If signal level changes quickly it is hard for decoder to adapt, you have to wait few seconds. For example if you move away from the microphone it might affect the decoder accuracy. In the future we also might want to refactor the input pipeline to estimate CMN more reliably for example, to wait few first seconds until CMN is properly estimated instead of relying on the initial value.

Unusual CMN values help to identify the problems with the speech like input data byte order problems. In this particular example value of C0 18.5 is pretty low it means that recorded sound is very quiet.
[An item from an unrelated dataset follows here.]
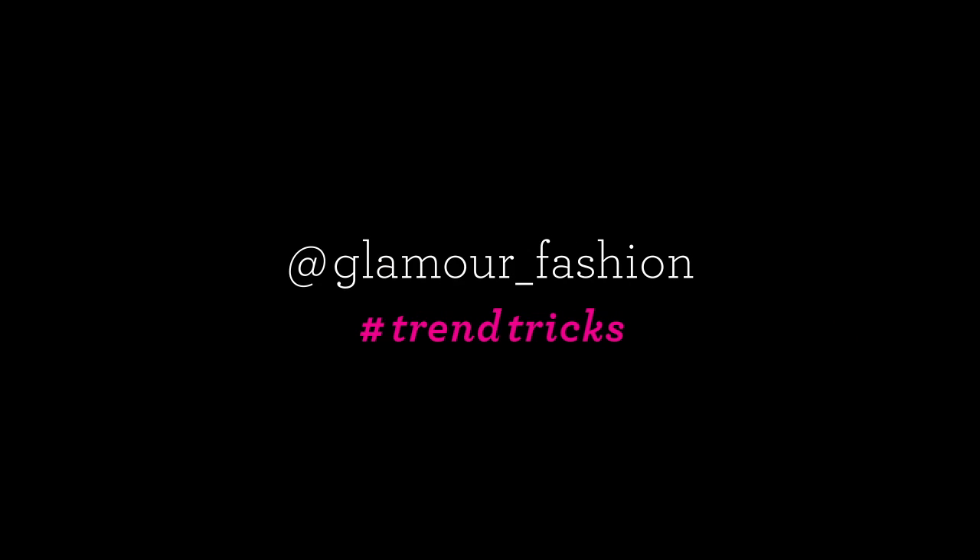Show us how you're staying chic in the cold weather by tweeting us a picture using the hashtag trendtricks and commenting in the comments below.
Proper signal level should be values are around 40.0

Q: How can I parse NLU input to perform actions

There are number of solutions here depending on the complexity of the input and the variety of cases.

Simple commands could be parsed by comparing the result as a string to a fixed template. Something simple like this:

if hyp == 'up':
   do_go_up()
elif hyp == 'down':
   do_go_down

For more advanced command parsing you can use regular expressions to extract entities and custom code to parse more complex things like numbers. See an example on Stackoverflow.

There are more advanced NLU libraries for intent parsing which can be trained from sample, for example check RASA NLU. Many such libraries are based on Spacy toolkit.

In the end you can train an deep learning neural network to map input directly to action, see for example DialogStateTracking. Deep neural network can also provide you more natural behavior and create you natural language outputs.